Bu yıl da ilk adım atıldı. Seçimlerde %10 barajıyla azınlığın değil, paralının, reklam verenin, şov yapanın kazandığı ülkem de üniversitede aynı mantıkla işliyorsa bunu çok görmemek lazım. Üç milyon genç beyinin yarısı 'Bak Ayşe Hanımın ufak oğlan Odtü'yü kazanmış.' diyerek aşağılanacak diğerleştirilecek, çirkinleştirilecek. Seneye tekrar girme ihtimali olanlar sınava çalışmak için yeniden yola koyulurken bir kısmı ticarete atılacak. Komşunun üniversiteye başlayan oğlundan daha çok para kazanma telaşı ile başladığı hayat yolculuğunda 'Okumuşlar da ne olmuş ben iki kat fazla kazanıyorum' mutluluğunu yaşamak için kimi zaman dolandıracak, kimi zaman siyasi yalakalık yapacak. 'Ah keşke okusaydım' grubu da çıkacak elbette, onlar evliliklerinden sonra çocuklarına ben yapamadım sen yap sorumluluğunu yükleyecek olanlar. Yine de adı her ne olursa olsun yarışın ilk etabı geçildi.
Sınavı kazananların önün de Önlisans seçme hakları olacak Yurdun herhangi bir bölgesinde lise ayarında ki eğitim seviyesi ile o ilçeye para kazandırmak için gidecek beyinler. Şehirden uzak kurulmuş okullarının minibüsçülüğü desteklemesi ile başlayan bu hikaye 'Talebe iseniz kişibaşı' kira modeline geçilecek.

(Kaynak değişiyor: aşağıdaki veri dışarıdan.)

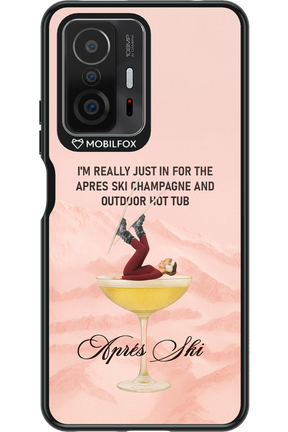 Champagne Tub - Xiaomi Mi 11T Pro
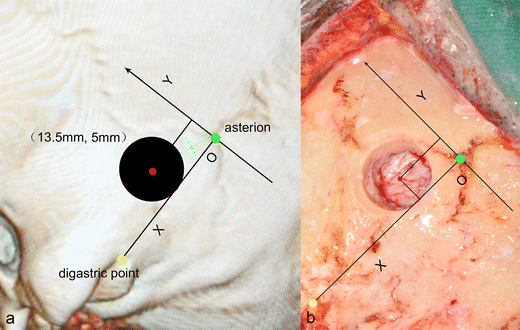 Localization of transverse-sigmoid sinus junction using preoperative 3D
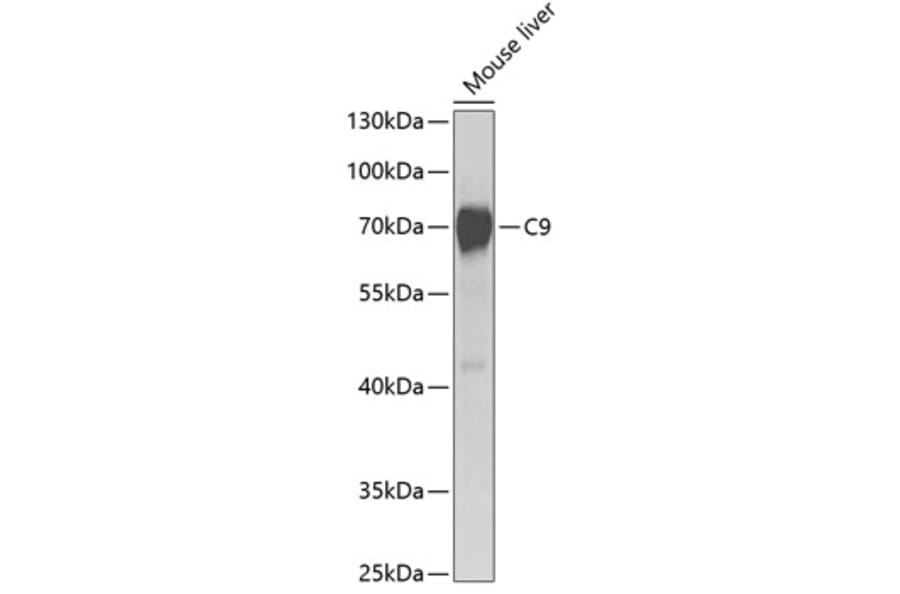 Western Blot - Anti-C9 Antibody (A14866) - Antibodies.com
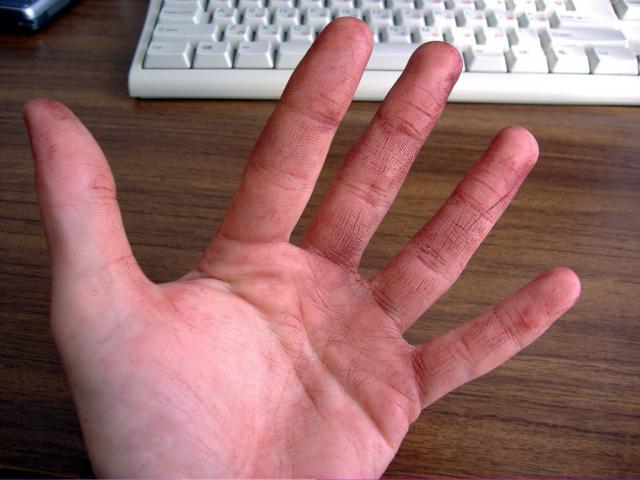 rankos trecia diena po dazymo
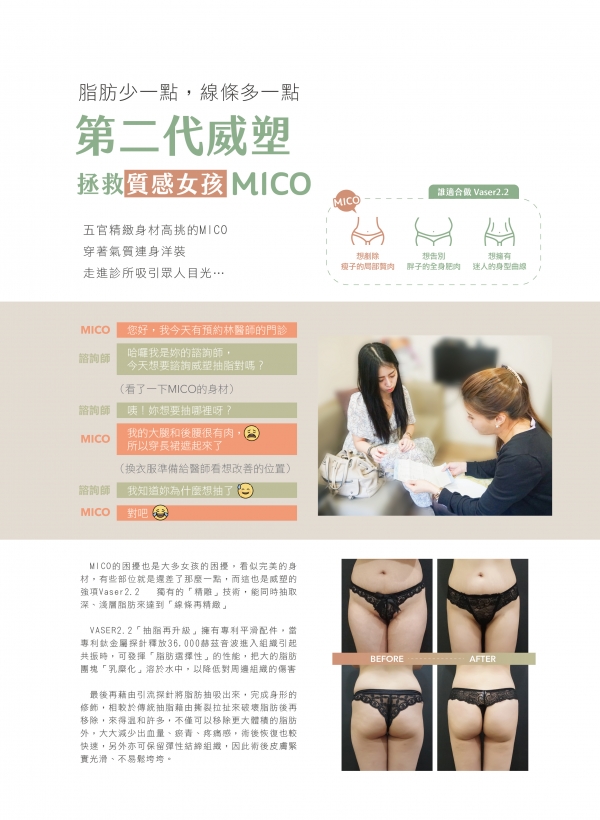 雅丰美人誌80期｜林孟羲醫師-第二代威塑抽脂案例1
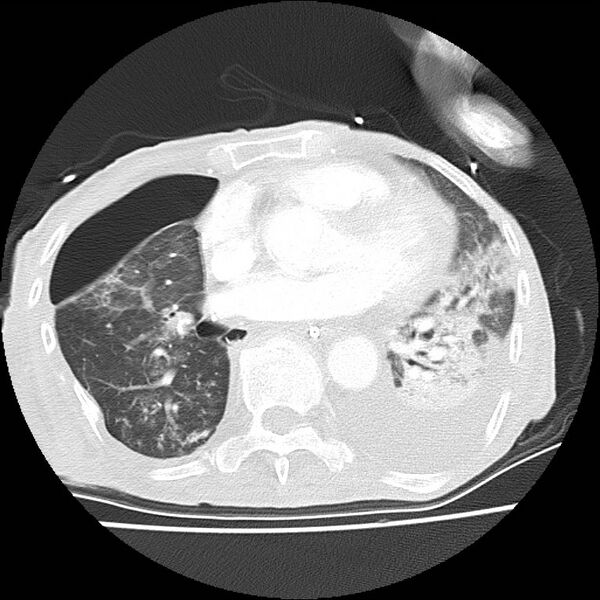 File:Clagett thoracotomy with bronchopleural fistula (Radiopaedia 29192-29587 Axial lung window 31).jpg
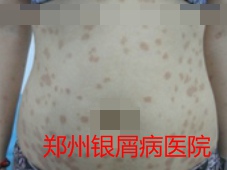 郑州牛皮癣医院牛皮癣治疗图片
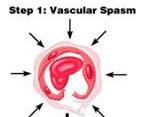 1. Vascular spasm Cause by: Direct injury (vasoconstriction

Kendi çocuklarının okuması için verdikleri emekleri unutup başkasının çocuklarını kazıklamak(!).
2013 yılındayız, çocuklarınız daha bir çok sınava girecek. Kazanacak ve yahut kaybedecekler. Asıl önemli soru şu. Türkiye de diğerleri ile eşit yaşayabilmek için kaç puan almak lazım?